WHEREAS, Section 251 of the Delaware General
Corporation Law (the "DGCL") permits the merger of two
domestic corporations;
WHEREAS, the board of directors and stockholders of
Holding and PRLC deem it advisable and in their best
interest to merge Holding into PRLC pursuant to the
provisions of the laws of the State of Delaware upon the
terms and conditions set forth herein (the "Merger"); and
WHEREAS, the Subscription Agreement (as defined herein)
requires the Merger;
NOW, THEREFORE, in consideration of the premises and
agreement and covenants herein contained, pursuant to the
Subscription Agreement, the parties hereto agree as follows:
1. Definitions. Capitalized terms used but otherwise
not defined herein shall have the meaning set forth in the
Subscription Agreement, dated as of April 6, 1997, by and
among Xx. Xxxxx Xxxxxx, an individual residing in the State
of New York, RL Holding, L.P., a Delaware limited
partnership, RL Family, L.P., a Delaware limited
partnership, GS Capital Partners, L.P., a Delaware limited
partnership, GS Capital Partners PRL Holding I, L.P., a
Delaware limited partnership, GS Capital Partners PRL
Holding II, L.P., a Delaware limited partnership, Stone
Street Fund 1994, L.P., a Delaware limited partnership,
Stone Street 1994 Subsidiary Corp., a Delaware corporation
and wholly owned subsidiary of Xxxxx Xxxxxx, xxx Xxxxxx
Xxxxxx Xxxx 0000, L.P., a Delaware limited partnership, and
PRLC, as amended on the date hereof (as amended, the
"Subscription Agreement"). A copy of the Subscription
Agreement is on file with the Secretary of PRLC.

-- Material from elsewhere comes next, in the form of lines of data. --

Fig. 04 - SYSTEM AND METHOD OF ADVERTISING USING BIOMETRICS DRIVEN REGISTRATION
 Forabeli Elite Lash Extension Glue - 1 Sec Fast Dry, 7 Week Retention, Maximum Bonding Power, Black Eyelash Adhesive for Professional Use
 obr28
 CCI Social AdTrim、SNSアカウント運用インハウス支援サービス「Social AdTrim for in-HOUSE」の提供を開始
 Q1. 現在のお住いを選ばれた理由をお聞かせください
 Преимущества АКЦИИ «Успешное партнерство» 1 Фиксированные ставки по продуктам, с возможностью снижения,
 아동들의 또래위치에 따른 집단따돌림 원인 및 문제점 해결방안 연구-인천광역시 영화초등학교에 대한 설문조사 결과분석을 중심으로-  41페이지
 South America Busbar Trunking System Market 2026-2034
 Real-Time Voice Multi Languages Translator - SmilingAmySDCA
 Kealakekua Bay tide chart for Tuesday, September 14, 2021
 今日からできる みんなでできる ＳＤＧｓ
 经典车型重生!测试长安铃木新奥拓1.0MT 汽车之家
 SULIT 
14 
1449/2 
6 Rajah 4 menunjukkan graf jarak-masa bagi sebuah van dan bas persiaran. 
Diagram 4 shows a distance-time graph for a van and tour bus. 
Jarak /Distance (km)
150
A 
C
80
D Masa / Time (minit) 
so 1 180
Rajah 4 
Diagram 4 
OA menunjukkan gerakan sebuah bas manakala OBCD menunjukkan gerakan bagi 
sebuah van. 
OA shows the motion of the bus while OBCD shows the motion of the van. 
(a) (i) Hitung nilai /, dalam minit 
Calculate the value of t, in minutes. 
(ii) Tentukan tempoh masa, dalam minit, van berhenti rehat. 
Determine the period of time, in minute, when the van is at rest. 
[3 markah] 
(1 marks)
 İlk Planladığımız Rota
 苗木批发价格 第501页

2. Merger. Upon the terms and subject to the
conditions set forth in this Agreement, at the Effective
Time Holding shall be merged with and into PRLC in
accordance with the provisions of the DGCL, and PRLC shall
be the continuing and surviving entity and shall be governed
by the laws of the State of Delaware. The Merger shall have
the effects specified in the DGCL. The closing of the
Merger (the "Closing") shall take place on the Transfer
Closing Date subject to the satisfaction or waiver of the
conditions set forth in Section 11 on or prior to such time.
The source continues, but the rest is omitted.